EXERCISE INSTRUCTIONS
The word "Photo" occurs in some lines of the data. Return each such line.

Data excerpts
+-------+
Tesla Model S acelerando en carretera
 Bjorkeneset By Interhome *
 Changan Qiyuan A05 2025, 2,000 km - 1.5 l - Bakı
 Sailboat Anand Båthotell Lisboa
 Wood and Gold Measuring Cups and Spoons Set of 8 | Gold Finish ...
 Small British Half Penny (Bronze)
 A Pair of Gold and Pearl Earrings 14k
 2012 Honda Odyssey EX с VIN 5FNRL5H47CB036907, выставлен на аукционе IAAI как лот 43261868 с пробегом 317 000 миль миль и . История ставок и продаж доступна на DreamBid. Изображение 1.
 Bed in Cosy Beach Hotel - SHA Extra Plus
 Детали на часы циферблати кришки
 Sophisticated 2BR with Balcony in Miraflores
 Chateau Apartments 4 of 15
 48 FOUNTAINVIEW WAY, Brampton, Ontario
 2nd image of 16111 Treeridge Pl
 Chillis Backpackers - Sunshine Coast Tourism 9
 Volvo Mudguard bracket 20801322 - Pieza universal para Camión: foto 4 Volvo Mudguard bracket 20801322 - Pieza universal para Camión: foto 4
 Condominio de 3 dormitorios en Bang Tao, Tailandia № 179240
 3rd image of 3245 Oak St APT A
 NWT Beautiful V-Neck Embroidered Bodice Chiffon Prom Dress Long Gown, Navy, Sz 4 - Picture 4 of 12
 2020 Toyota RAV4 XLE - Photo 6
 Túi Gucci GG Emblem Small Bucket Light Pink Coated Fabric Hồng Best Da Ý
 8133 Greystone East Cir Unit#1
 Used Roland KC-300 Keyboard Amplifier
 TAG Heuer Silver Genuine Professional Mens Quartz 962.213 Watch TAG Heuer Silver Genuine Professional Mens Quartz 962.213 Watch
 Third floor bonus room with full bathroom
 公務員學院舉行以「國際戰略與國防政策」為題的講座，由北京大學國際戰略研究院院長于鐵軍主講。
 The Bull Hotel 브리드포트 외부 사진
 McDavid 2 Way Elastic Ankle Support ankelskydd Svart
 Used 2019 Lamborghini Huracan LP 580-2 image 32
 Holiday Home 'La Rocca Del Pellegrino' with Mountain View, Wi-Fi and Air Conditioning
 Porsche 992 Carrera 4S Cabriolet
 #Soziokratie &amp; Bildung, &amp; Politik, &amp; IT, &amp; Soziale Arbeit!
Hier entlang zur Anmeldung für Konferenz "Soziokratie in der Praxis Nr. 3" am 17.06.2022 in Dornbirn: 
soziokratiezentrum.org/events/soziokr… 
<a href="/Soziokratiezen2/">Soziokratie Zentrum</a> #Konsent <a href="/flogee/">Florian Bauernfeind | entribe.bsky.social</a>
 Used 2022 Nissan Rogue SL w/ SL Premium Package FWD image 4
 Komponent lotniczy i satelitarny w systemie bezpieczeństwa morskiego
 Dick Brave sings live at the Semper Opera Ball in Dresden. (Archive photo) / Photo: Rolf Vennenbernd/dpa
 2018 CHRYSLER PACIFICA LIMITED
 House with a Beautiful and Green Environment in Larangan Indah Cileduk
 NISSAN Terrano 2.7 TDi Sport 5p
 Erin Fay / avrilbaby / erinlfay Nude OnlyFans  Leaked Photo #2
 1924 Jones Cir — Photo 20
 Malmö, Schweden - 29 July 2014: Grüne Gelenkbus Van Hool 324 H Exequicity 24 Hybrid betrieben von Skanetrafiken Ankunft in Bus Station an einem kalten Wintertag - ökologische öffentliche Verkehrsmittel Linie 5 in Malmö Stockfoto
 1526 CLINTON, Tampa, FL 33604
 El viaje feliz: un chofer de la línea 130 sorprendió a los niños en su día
+-------+
FINISHED TASK
 2020 Toyota RAV4 XLE - Photo 6
 Dick Brave sings live at the Semper Opera Ball in Dresden. (Archive photo) / Photo: Rolf Vennenbernd/dpa
 Erin Fay / avrilbaby / erinlfay Nude OnlyFans  Leaked Photo #2
 1924 Jones Cir — Photo 20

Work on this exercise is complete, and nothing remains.